ERMA was principally responsible for implementing the Hazardous Substances and New Organisms Act 1996 (HSNO).

The aim of ERMA was stated as:
"Achieve effective prevention or management of risks to the environment, public health and safety associated with importing or manufacturing hazardous substances and introducing new organisms, and their use."

ERMA made decisions on applications under Part V of the Hazardous Substances and New Organisms Act, by evaluating risks, costs and benefits, placing conditions on approvals; and making decisions on transitional licences and other approvals.
ERMA used risk management principles contained in the Methodology to guide its work.

Under the Hazardous Substances and New Organisms Act, the Authority was required to consider and weigh up the adverse and beneficial effects of a new organism or substance. The detailed decisions of the Authority also give an insight into how it has dealt with different aspects of risks, costs and benefits.

To mitigate any risks they applied controls (where relevant and possible) to the application, just as in everyday life we wear seatbelts to reduce the risks associated with driving. The controls might include housing the organism or substance in a specially designed laboratory or they may be to wear protective equipment when handling a certain hazardous chemical.

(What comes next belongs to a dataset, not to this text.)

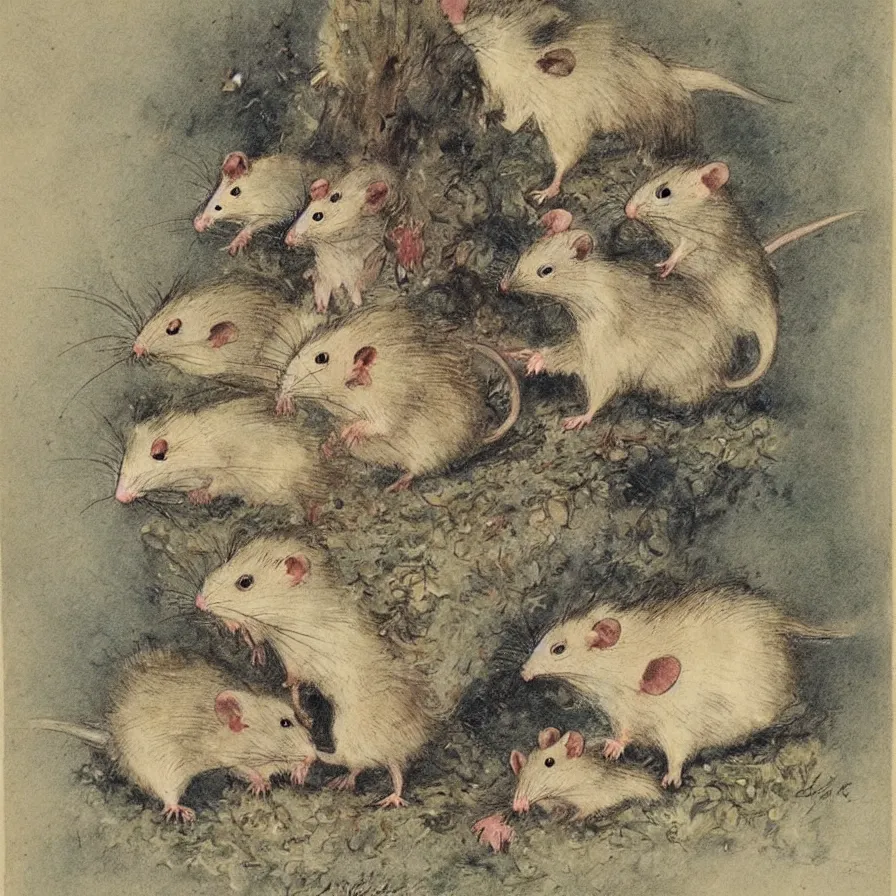 Prompt: Louis Icart, an old colored drawing of adorable little pet rats by Louis Icart, highly detailed, center weighed composition, masterpiece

The Authority's role was to manage risks to the environment and to public health, and they did this through their decision-making processes on applications. When ERMA received an application to import a new organism or a new substance they weighed up the adverse and beneficial effects on society, the environment, public health etc. and in many cases asked the general public to make submissions as to whether the new organism or substance should be allowed into New Zealand.